Boeing commercial aircraft orders for 2008 plunge 53 per cent
10 Jan 2009
Boeing commercial aircraft orders slid 53 per cent with demand from airlines falling in the face of global recessionary trends and record fuel prices damaging the air travel industry. European rival, Airbus, now becomes the world's largest commercial aircraft manufacturer.
This is a position that both manufacturers interchange frequently even as they maintain a duopoly in the field of large commercial aircraft manufacture.
Airbus is due to announce its numbers for 2008 next week. However, it crossed Boeing's orders and deliveries totals by the end of November itself, even as Boeing struggled to normalize production after an eight week machinists strike.

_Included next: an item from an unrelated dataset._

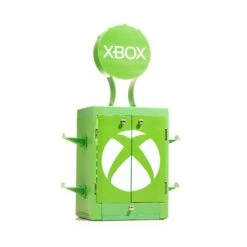 Xbox ‘Green’ Gaming Locker 26 Xbox ‘Green’ Gaming Locker -Just Geek Shop 477cc6d3 9c89 43ef 8b45 4a089ede87f7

Boeing said yesterday its commercial aircraft orders fell 53 per cent last year to 662, from the record 1,413 achieved in 2007. This record year followed two earlier record years with new orders of 1,044 in 2006 and 1,002 in 2005.
Boeing said yesterday that demand from airlines around the world was falling rapidly in the face of a global recession and tightening credit. It also said it expected orders to slide again this year.
It said its deliveries fell 15 per cent in 2008, from 441 to 375.
Its prestigious 787 Dreamliner programme is already running two years late. Virgin Atlantic, the UK carrier controlled by Sir Richard Branson, said yesterday it had been informed by Boeing its first 787 deliveries would be about two and a half years late with the first Dreamliner to be delivered in the third quarter of 2013, instead of March/April 2011.